何故こいつは…こんなにも、哀しそうなんだ。

護りたかった。
あらゆる苦難から。
この美しい青年を。

俺は彼を抱き上げて、膝の上に座らせた。
理性を総動員して露になった美しい肢体から視線を剥がし、手繰り寄せたタオルケットをかけてやる。

「…オレ、割と上手だよー?」

へらへら笑いながら見当違いなことを言う彼に心が痛む。

「…いいんだ。それよりおまえの名前が知りたい」

「えー……」

少し困ったように小首を傾げるそいつを見て、俺は内心苦笑する。
まずは強引な変質者から脱却しなければ。

「…連れ回して悪かった。もう帰るか?」

「…あー、オレ、いま家ないんだー」

「…は?普段はホテルかどこかに泊まってるのか?」

「まさか。だいたいは樹の下かなー」

「そうか…。なら今日はここに泊まれ。疲れてるだろ」

「え…?」

「俺は帰る。ゆっくり休め」

そして…内心未練たらたらだが、見上げる彼の髪の毛をそっと撫でるに留め、俺は立ち上がった。

しかし、そこで予想外のことが起きた。

立ち去ろうとした俺のスーツの裾を、そいつの細い指が掴んだのだ。





…頭を撫でられるのは好きだ。

ホッとする。
だがもちろん誰でもいいという訳ではない。

客引き坂に座り込むオレに馴れ馴れしく近寄る人々には、触れられるのも嫌だった。

それなのに。

今日会ったばかりのこの男にちょっと髪を撫でられただけで、立ち去ろうとする背中に堪えられなくなった。

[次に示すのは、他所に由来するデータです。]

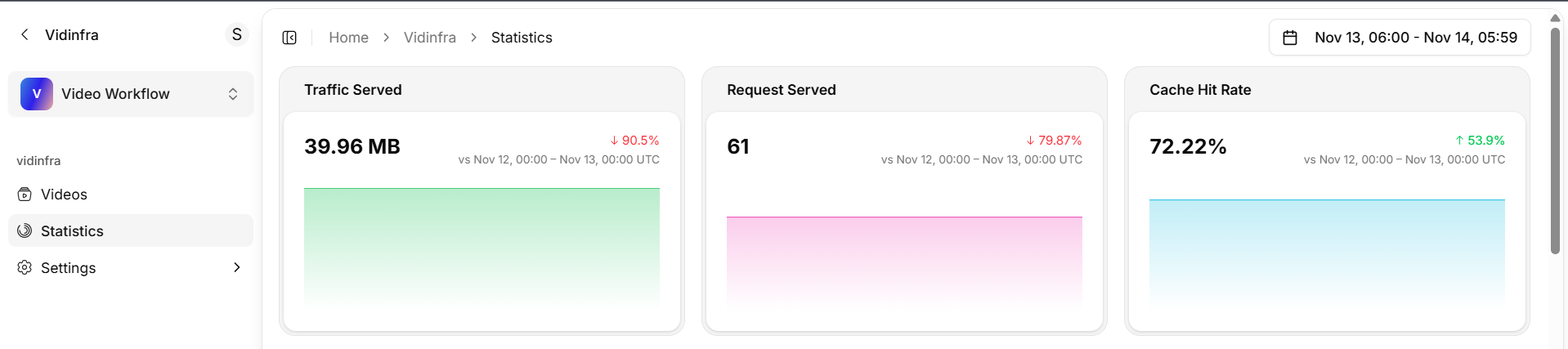 Overview of key analytics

突然連れ回され、最初は訳がわからなかったが、向こうはオレを知っていたらしい。
客引き坂で見たのだろうから、そういう意味かと思ったが、そういうこと目当てでもないようだ。

強引でよくわからないが、何故だか憎めない。

そう思っていたのに、突然帰ると背を向けられ…思わず高級そうなスーツの裾を掴んでしまった。

「…いてもいいのか?」

はっとして手を離し俯いたオレに、とても優しい言葉がかかる。

独りにしないで。

出そうになった言葉に自分でも戸惑う。
今日会ったばかりの、名前しか知らない男に、どうしてこんなにも心惹かれるんだろう。

「…ファイ」

代わりにそう呟くと、黒鋼は不思議そうにオレを見た。

「ファイ、だよ。オレの名前」

そう言ってから見上げると、黒鋼はにっと嬉しそうに笑った。